No.  A very long time ago, unions performed noble and worthy services for their members and their employers, helping greatly to make a better world for everyone.

If unions would take a long, hard look back to their origins, they could benefit us all once again.  Likely?  Perhaps not; but it's worth talking about.

Fighting Against Abuse

The story most Americans know and which public-school teachers and union leaders love to proclaim, is of the workers' righteous struggle against oppressive and callous bosses.  Perhaps surprisingly, there's a lot of truth to the tale.

In the mid-1800s, there were no worker's safety laws or any sort of employer-provided insurance; men injured on the job were thrown out on the street to beg.  Horrors like the Triangle Shirtwaist Fire where locked fire-escape doors led to the incineration or defenestration of 146 souls were shockingly commonplace.
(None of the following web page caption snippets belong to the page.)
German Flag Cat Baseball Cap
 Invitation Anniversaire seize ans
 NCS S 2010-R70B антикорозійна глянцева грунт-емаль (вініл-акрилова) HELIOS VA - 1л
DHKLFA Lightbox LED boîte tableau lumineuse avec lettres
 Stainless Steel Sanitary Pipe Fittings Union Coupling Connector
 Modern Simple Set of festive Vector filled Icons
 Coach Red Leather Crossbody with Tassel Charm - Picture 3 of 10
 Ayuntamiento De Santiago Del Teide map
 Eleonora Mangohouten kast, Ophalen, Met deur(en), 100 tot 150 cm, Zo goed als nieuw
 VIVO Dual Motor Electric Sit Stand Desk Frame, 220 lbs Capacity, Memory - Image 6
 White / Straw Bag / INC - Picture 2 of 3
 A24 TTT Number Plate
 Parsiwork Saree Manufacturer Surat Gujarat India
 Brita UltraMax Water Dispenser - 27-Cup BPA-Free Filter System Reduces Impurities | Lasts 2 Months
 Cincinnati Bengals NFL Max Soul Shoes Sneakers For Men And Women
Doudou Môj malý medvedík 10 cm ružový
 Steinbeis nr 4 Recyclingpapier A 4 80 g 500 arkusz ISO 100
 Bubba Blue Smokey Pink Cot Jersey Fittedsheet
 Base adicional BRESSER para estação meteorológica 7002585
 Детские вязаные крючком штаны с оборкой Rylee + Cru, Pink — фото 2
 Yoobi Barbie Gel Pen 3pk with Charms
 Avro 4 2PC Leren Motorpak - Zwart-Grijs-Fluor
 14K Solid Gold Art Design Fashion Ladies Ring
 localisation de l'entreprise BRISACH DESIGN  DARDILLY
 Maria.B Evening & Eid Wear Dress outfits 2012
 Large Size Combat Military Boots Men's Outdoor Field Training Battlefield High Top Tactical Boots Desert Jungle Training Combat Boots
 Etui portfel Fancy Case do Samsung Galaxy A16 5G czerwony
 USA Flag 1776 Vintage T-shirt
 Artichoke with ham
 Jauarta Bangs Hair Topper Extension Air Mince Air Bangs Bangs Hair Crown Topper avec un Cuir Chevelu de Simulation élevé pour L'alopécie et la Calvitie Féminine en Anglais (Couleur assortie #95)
Individually, unskilled workers had next to no power.  With ships arriving daily delivering new immigrants, bosses could instantly replace any dissatisfied laborer with a more cooperative and probably starving substitute.  You think it's too dangerous to work here?  Nobody's making you stay...

American unions were intended to cross company lines, and indeed ultimately to organize workers across entire industries.  The early union organizers recognized that they had to be able to enforce some kind of labor monopoly in order to have any power over their employers.  If a company can instantly replace striking workers, why worry about a strike?  Hence the mass violence that characterized early unionism, as strikers and activists prevented the unemployed from taking the jobs they refused to do by beating them up.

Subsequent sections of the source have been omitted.